Page 1 of 1

internal error in SET_INDPW_FULL: insufficient memory

Posted: Wed Dec 06, 2017 10:31 am
by DannyVanpoucke
Dear VASPers,

I have recently run into a problem which got me quite puzzled. In my study I am comparing DFT and DFT+U optimized structures. In a second step, I use a HSE06 calculation to generate accurate electronic structures. Although the structures are visually the same (and have the same reported symmetry), one case(DFT+U optimized) gives me the error:

internal error in SET_INDPW_FULL: insufficient memory

While the other(DFT optimized) runs happily to the end.

Does anyone have any experience with this error? And knows how to resolve it or knows where it come from?

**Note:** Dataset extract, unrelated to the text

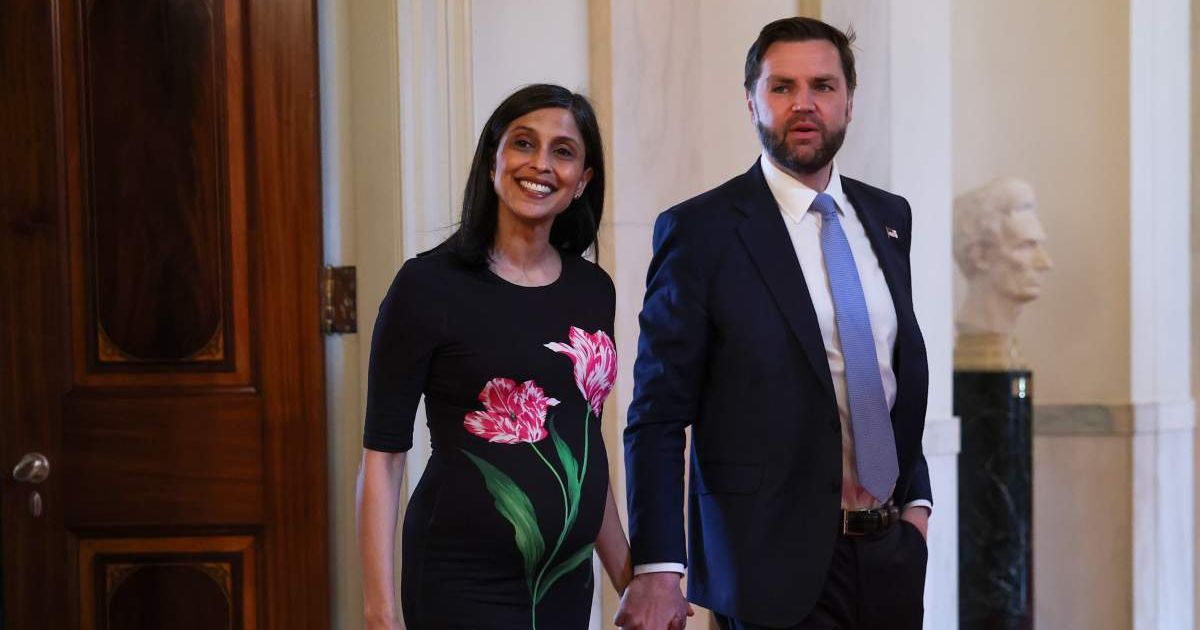 JD Vance is again addressing his interfaith marriage, this time calling his hope that his wife, Usha Vance, may one day convert to Christianity 'just an observation' (Getty Images)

The INCAR file used is this one:

Code: Select all

general:
    SYSTEM = Cr2O3_ZnSub_NUDfree_h221
    ISTART = 0   
    ICHARG = 1 
    ISMEAR = 0  
    SIGMA = 0.05
    EDIFF = 1.0E-4
    PREC = Accurate
    ENCUT = 600
    LWAVE = .TRUE.
    LCHARG = .TRUE.
    LVTOT = .FALSE.
    LVHAR = .FALSE.
    ISPIN =  2   
    VOSKOWN = 1 
    LASPH = .TRUE. 
dynamic:
    IBRION = -1 
    NSW = 0      
parallel:
   LPLANE = .TRUE.
   NPAR = 2 ; KPAR = 2
dos-properties
      LORBIT = 11 
      EMIN = -70  
      EMAX = 35  
      NEDOS = 10500 
magnetic properties for HSE06:
    !NUPDOWN = free
    !ISYM = 0 
     MAGMOM = 2.0 3*4.0 4*-4.0 4*4.0 4*-4.0 4*4.0 4*-4.0 4*4.0 4*-4.0 4*4.0 4*-4.0 4*4.0 4*-4.0  72*0.0
         LORBIT = 11
         LMAXMIX = 4 
    AMIX = 0.2
    BMIX = 0.0001
    AMIX_MAG = 0.8
    BMIX_MAG = 0.0001
HSE06 parameters:
    ALGO = A
    LHFCALC = .TRUE.
    HFSCREEN = 0.2
    AEXX = 0.25
    AGGAX = 0.75
    AGGAC = 1.0
    ALDAC = 1.0
    PRECFOCK = N
    NKRED = 1

    NELM = 30
Thank you.
Danny

Re: internal error in SET_INDPW_FULL: insufficient memory

Posted: Fri Dec 08, 2017 11:14 am
by alex
Hi Danny,

it looks like you are running into trouble with the k-point set.
- Do you have a hexagonal cell? Cr2O3 suggests so...
- Did you center the mesh at the gamma point?
Otherwise you might create a HUGE number of k-points, because you are off symmetry with the set.

Cheers,

alex

Re: internal error in SET_INDPW_FULL: insufficient memory

Posted: Wed Dec 13, 2017 9:51 am
by DannyVanpoucke
Hi Alex,

Yes, indeed the cell is hexagonal, and yes the k-points are Gamma centered.
The strange thing is that the same calculation for DFT(+U) works fine. (If I would have gotten the same error there I would have been less amazed.)

Danny

Re: internal error in SET_INDPW_FULL: insufficient memory

Posted: Thu Dec 14, 2017 10:52 am
by alex
Hi Danny,

maybe your HSE06 calculation simply does not fit into your machine. Please allow at least 2GB/process. Better 4GB. You'll see the requirements growing rapidly after the initial iterations are done.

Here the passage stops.